The starting point was 50 cm imagery of Aghanistan, released by the National Geospatial-Intelligence Agency. Todd Huffman, known to me from the Beer for Data program, negotiated free use of the invaluable imagery. OpenStreetMap’s response to Gaza demonstrates just one application of the power of easily available imagery. The US government, and many other governments, purchase this imagery with our tax money, and it’s totally reasonable and to be expected that such imagery should be put to its widest possible use in times of crisis.
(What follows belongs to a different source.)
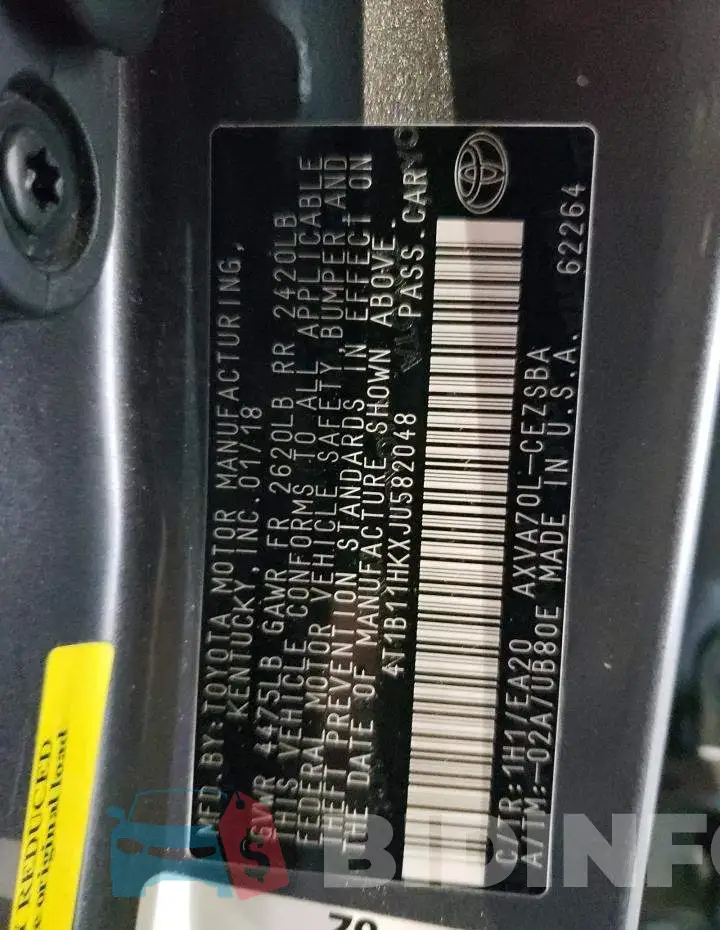 4T1B11HKXJU582048 Photo# 12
The Google Enterprise team brought a Google Fusion server, and processed that imagery into Spherical Mercator tiles. With just a little config, everyone was able to incorporate these tiles in their systems (Andrew, you could also highlight tiles as an enabling GeoWeb standard).
Walking Papers blew everyone’s minds. It’s fair to say that paper was the highest tech on display, and emergency responders and other observers coming through the exercises were inevitably intrigued by the possibilities. We got a great deal done in intense coding sessions to make WP more ready for emergency response, most crucially decoupling WP from web services that may not be available in an emergency, or may simply be too expensive to access over satellite data connections common in these situations.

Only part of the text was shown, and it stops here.